Convertible Notes Purchase Agreement and Indenture

On April 21, 2016, the Issuer entered into a Securities Purchase Agreement (the Convertible Notes Purchase Agreement)
with Grifols Worldwide and other purchasers identified therein whereby Grifols Worldwide agreed to purchase $19,950,000 aggregate principal amount of 9% senior convertible notes due 2021 (the Notes) issued by the Issuer. Grifols
Worldwide consummated its purchase of the Notes on April 26, 2016. The Notes were issued pursuant to an Indenture dated April 25, 2016 (the Indenture) between the Issuer and U.S. Bank National Association, as trustee.
The Notes bear interest at a rate of 9% per annum, payable semi-annually (on May 1 and November 1) in arrears, unless earlier purchased or converted. The Notes mature on May 1, 2021 (the Maturity Date). The
Notes are convertible at the option of Grifols Worldwide at any time prior to the close of business on the second business day immediately preceding the Maturity Date. The initial conversion rate of the Notes is 191.9386 shares of common stock for
each $1,000 principal amount of Notes, which represents an initial conversion price of approximately $5.21 per share of common stock. The conversion rate of the Notes, and the corresponding conversion price, will be subject to adjustment for certain
events. At the current conversion rate, the Notes are convertible into 3,829,175 Shares.

Grifols Worldwide acquired the Notes for
investment purposes. The Reporting Persons may, from time to time, and subject to Governance Agreement (as it may be amended, supplemented, or waived, from time to time), depending upon market conditions and other investment considerations, purchase
additional securities of the Issuer for investment or dispose of currently owned Shares or the Notes or engage in any other actions contemplated in subparagraphs (a) through (j) of Item 4 of Schedule 13D.

The foregoing description of the Convertible Notes Purchase Agreement is qualified in its entirety by reference to the full text of the
Convertible Notes Purchase Agreement, which is filed as Exhibit 13 and is incorporated herein by reference. The foregoing description of the Notes and the Indenture is qualified in its entirety by reference to the full text of the Indenture,
which is filed as Exhibit 14 and is incorporated herein by reference.

Amendment to Governance Agreement

In connection with Grifols Worldwides purchase the Notes, Grifols and the Issuer entered into an amendment of the Governance Agreement,
dated April 21, 2016, pursuant to which the Target Percentage was increased to 43.3% (the Governance Agreement Amendment). Additionally, Grifols and the Issuer also entered into waivers pursuant to which Grifols waived
certain registration and preemptive rights under the Governance Agreement.
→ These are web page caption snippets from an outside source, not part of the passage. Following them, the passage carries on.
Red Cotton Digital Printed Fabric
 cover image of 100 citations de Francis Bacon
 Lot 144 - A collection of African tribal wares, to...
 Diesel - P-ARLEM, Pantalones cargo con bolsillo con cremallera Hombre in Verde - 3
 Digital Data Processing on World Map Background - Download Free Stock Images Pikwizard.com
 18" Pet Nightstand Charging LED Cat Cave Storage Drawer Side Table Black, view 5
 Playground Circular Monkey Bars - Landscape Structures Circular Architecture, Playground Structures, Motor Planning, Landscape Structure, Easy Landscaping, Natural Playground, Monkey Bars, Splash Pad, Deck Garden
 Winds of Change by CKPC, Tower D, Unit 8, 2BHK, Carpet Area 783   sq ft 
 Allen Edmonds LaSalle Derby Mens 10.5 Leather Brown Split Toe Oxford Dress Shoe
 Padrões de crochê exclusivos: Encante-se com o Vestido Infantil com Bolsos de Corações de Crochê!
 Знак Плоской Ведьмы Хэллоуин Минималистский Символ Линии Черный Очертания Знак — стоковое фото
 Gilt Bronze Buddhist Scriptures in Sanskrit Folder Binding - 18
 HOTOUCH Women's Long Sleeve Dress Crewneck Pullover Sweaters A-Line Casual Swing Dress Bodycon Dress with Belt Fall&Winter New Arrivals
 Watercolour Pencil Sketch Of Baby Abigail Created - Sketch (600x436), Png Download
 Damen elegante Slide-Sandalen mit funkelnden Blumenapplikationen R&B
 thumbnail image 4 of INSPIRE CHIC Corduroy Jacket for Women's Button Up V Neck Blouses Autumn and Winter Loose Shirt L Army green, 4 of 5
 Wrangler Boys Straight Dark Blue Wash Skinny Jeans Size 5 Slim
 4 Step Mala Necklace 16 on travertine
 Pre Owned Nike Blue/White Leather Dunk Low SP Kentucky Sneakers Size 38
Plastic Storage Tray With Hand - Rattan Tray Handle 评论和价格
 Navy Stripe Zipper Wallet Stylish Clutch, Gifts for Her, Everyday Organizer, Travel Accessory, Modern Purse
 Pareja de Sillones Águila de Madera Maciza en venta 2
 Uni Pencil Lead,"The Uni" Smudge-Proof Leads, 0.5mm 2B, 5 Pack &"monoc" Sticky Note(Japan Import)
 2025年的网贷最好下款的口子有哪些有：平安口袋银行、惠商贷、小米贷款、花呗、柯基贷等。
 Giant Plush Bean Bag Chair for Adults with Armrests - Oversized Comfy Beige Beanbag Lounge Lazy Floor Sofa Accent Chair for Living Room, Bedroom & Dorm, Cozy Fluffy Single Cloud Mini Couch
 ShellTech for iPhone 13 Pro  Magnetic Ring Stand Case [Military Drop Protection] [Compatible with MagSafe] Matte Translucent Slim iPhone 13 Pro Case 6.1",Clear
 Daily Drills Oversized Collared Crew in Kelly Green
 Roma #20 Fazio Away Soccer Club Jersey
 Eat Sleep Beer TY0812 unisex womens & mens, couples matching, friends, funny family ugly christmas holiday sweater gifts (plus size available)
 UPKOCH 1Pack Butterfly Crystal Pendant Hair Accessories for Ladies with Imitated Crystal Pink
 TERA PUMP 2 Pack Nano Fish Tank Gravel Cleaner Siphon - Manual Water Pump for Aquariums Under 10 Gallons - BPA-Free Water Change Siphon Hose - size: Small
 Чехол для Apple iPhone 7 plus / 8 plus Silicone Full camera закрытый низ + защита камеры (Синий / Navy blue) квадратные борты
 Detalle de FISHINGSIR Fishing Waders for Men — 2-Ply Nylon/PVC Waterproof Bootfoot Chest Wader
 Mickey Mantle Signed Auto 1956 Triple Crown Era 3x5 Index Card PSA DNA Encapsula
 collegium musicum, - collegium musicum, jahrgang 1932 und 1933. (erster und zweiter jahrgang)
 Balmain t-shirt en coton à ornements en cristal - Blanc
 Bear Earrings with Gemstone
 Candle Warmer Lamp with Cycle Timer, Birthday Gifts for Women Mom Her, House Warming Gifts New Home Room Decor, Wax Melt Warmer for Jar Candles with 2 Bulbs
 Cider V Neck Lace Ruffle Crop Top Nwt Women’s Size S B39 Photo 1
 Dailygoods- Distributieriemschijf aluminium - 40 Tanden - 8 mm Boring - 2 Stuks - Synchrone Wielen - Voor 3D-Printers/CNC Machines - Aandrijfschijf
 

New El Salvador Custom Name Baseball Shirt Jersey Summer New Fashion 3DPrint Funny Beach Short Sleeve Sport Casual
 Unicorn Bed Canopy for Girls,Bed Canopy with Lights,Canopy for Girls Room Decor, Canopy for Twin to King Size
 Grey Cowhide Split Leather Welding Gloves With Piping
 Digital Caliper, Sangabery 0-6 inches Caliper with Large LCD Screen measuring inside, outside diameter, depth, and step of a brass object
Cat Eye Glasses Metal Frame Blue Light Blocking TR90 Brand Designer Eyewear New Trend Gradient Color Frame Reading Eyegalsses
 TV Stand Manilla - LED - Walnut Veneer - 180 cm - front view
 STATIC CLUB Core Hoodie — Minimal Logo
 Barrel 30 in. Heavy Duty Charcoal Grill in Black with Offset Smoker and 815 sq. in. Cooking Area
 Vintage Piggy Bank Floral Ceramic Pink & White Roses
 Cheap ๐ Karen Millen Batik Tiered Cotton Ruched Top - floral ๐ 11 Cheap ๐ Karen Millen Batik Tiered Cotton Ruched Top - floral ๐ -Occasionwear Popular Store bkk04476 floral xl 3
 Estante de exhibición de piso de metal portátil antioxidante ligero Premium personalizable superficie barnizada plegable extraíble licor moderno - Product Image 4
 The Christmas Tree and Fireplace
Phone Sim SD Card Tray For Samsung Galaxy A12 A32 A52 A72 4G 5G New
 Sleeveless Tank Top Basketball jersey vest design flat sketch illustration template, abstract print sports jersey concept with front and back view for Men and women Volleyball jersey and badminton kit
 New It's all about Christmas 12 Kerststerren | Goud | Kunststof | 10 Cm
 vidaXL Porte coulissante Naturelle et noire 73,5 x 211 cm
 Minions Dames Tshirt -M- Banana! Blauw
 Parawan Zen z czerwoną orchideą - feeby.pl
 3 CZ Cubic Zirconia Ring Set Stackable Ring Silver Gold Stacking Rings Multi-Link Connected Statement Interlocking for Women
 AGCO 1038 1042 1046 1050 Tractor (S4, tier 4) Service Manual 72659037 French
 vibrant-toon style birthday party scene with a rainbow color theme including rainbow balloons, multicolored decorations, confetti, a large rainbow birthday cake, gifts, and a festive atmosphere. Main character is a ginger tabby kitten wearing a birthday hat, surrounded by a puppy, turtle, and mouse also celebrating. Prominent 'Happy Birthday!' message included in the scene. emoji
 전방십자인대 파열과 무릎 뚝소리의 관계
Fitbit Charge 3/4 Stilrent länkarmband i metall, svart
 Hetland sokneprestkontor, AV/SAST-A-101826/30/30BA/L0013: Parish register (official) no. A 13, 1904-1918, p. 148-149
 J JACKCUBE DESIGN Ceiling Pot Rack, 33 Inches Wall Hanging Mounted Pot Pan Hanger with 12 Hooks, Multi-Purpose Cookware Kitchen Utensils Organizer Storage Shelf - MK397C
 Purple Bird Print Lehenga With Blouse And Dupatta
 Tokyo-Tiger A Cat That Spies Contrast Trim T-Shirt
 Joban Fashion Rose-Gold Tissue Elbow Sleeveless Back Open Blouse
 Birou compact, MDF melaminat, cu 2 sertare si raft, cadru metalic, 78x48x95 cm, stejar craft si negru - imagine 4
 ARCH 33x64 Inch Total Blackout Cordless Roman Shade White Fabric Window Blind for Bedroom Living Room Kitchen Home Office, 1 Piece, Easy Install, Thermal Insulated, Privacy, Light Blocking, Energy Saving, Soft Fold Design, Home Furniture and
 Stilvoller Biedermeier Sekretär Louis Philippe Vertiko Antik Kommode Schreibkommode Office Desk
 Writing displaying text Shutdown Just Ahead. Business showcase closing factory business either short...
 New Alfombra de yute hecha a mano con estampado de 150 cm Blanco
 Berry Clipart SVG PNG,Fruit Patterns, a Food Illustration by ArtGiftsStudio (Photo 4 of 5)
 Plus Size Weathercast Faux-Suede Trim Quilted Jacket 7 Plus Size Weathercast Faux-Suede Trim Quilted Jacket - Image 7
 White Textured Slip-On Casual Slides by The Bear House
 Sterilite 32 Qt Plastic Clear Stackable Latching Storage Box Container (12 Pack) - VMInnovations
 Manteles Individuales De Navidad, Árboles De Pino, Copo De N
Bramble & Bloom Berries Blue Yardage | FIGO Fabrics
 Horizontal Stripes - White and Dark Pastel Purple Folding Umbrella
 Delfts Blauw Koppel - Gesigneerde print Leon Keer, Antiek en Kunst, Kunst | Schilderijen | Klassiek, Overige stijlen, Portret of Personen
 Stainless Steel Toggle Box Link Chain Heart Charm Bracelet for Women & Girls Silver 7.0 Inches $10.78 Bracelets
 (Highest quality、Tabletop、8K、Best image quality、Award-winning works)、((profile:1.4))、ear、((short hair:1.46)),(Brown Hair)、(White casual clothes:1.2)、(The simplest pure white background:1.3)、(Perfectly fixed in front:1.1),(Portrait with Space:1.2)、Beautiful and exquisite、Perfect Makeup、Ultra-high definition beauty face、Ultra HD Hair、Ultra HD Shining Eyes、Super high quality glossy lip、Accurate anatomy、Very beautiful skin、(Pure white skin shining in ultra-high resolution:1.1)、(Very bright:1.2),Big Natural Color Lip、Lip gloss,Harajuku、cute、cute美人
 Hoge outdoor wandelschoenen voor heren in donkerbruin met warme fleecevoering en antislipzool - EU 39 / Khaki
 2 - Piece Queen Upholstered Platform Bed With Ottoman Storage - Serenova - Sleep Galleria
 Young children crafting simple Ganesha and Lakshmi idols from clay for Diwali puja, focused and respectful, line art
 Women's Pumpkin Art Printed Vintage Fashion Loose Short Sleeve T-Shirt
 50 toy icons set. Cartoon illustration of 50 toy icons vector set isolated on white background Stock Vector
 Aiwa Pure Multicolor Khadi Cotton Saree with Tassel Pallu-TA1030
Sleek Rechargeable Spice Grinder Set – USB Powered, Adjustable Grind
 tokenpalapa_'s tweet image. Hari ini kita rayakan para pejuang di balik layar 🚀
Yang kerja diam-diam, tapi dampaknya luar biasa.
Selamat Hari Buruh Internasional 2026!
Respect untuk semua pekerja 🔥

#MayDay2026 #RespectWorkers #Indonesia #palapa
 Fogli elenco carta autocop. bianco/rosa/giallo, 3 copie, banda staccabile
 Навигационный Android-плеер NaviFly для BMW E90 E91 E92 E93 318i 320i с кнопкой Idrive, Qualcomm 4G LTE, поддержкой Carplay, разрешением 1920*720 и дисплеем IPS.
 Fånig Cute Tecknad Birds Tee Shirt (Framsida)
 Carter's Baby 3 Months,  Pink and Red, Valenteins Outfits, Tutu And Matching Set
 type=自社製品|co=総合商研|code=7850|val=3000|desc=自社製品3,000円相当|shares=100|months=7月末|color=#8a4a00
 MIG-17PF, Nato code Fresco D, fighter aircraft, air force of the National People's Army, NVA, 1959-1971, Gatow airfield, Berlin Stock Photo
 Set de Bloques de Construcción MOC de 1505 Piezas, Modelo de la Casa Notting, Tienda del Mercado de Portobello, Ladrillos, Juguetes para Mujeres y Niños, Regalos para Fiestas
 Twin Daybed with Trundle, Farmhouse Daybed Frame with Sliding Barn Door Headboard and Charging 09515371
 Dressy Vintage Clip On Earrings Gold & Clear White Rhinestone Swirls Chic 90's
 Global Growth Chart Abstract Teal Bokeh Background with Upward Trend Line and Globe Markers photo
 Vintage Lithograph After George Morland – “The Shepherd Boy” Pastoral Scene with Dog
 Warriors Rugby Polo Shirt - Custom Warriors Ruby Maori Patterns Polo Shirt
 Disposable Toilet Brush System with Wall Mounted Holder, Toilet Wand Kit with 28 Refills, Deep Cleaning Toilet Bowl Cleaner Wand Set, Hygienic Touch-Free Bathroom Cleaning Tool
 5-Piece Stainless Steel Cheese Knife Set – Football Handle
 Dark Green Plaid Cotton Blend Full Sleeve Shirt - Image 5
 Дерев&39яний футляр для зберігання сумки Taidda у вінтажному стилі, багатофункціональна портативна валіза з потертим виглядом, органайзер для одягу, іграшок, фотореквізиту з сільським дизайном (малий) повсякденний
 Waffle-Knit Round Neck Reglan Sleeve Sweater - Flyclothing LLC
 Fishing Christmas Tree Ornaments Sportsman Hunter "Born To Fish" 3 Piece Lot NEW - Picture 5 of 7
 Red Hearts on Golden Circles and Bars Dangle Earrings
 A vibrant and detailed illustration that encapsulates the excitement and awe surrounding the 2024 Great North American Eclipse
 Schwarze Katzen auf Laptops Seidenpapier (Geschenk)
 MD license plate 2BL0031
The foregoing description of the Governance Agreement
Amendment is qualified in its entirety by reference to the full text of the Governance Agreement Amendment, which is filed as Exhibit 15 and is incorporated herein by reference.

Item 5. Interest in Securities of the Issuer

Item 5 of this Schedule 13D is amended and restated as follows:

(a) and (b)

The information set
forth in rows 7 through 13 of the cover pages to this Schedule 13D is incorporated by reference. The percentage set forth in row 13 is based on 14,951,089 outstanding Shares as of March 12, 2017, as reported in the Issuers Form 10-K filed
on March 30, 2017. Grifols owns 100% of the equity interests of Grifols Worldwide and may be deemed to beneficially own Shares that are beneficially owned by Grifols Worldwide.

Ramón Riera Roca (Riera), Chief Operations Officer and a member of the Board of Directors of Grifols, directly
beneficially owns 12,500 Shares. Riera has the sole power to vote or direct the voting of, and the sole power to dispose or to direct the disposition of, such Shares. Such Shares represent less than 0.1% of all Shares outstanding.

Except as set forth in this Item 5(a), to the knowledge of Grifols and Grifols Worldwide, none of the Schedule A Persons beneficially
owns any Shares.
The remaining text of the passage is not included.